Le choc fut grand. Alors que le champ sentait beau la rose et l'aubépine, elle fut projetée dans une salle qui sentait la charogne et l'eau croupi. Ses genoux frappèrent de plein fouet le sol comme elle tombait à genoux, à quelques centimètres à peine d'un squelette décharné. Elle retint un cri et se releva aussi sec, les yeux écarquillés. Un bruit lui fit hérissé le poil alors qu'elle se retrouva nez à nez avec deux fantômes. Elle fronça les sourcils, de peur. Etait-elle vraiment dans son monde ou alors…ou alors était-ce Morphée et ses doux bras qui se refermaient sur sa gorge ? Si l'épine de la rose avait effleuré ses doigts, est-ce que les coups de ses fantômes lui feraient mal ? Elle n'attendit pas de réponse et leva son bâton de buis. Ses sorts puissants frappèrent un premier fantôme jusqu'à le faire disparaître, mais le second en profita pour se jeter contre la belle rousse, ses griffes spectrales – ou son arme, Yava n'eut le temps de l'apercevoir – s'enfoncèrent dans sa peau et elle en sentit le froid glacial lui glaçait les os.

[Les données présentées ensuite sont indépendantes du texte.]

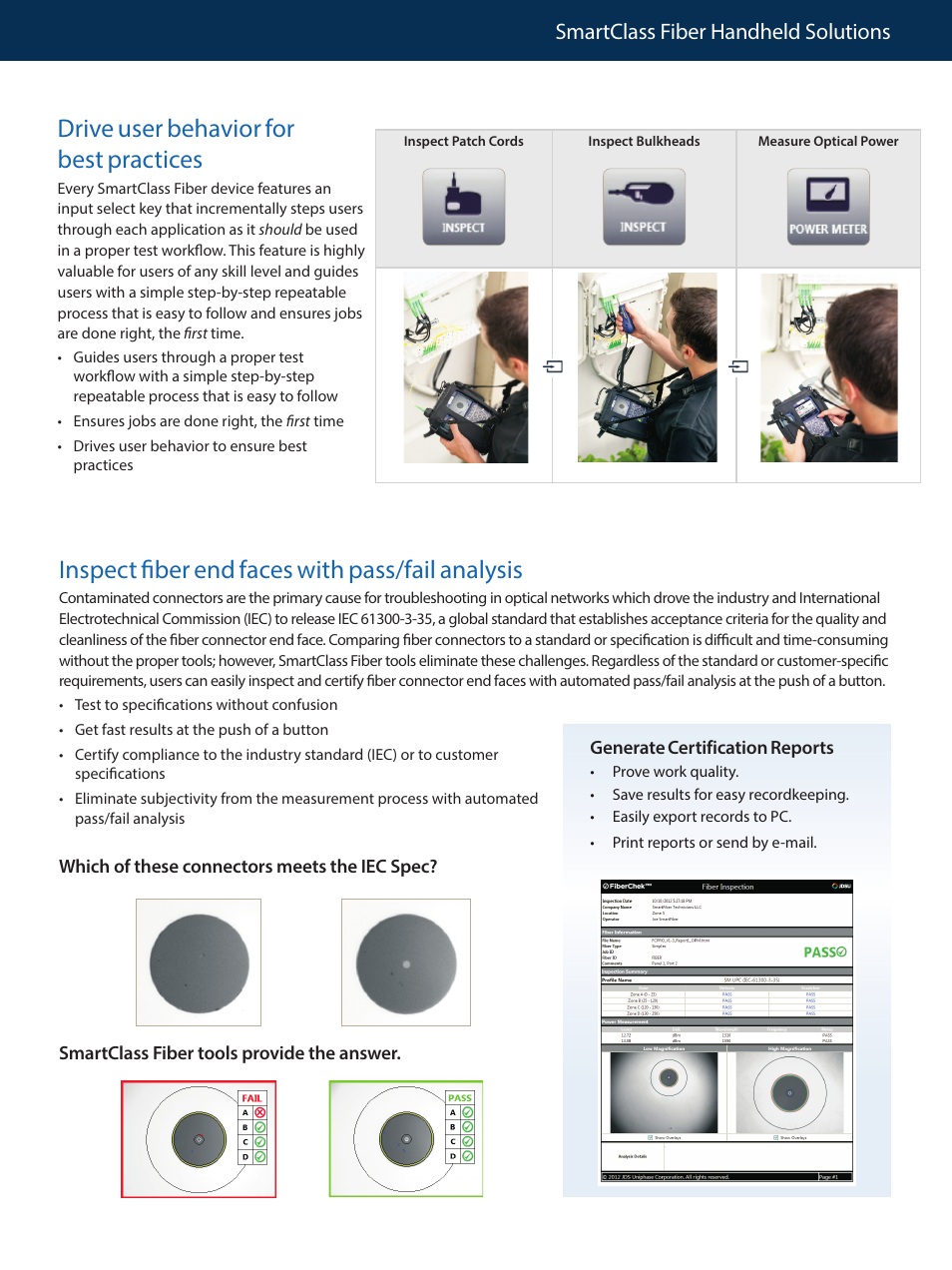 Drive user behavior for best practices, Inspect fiber end faces with pass/fail analysis, Smartclass fiber handheld solutions | Atec JDSU-OLP-87 User Manual | Page 3 / 4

Dans un mouvement de panique, elle acheva ses réserves d'énergie sur le second fantôme qui disparut dans une volute de fumée. Elle tomba à genoux sur le sol, seule dans cette pièce, et se demanda un instant si elle finirait sa vie entière à l'intérieur de celle-ci. L'instant d'après, sa tête heurta le sol, douloureusement, endormie.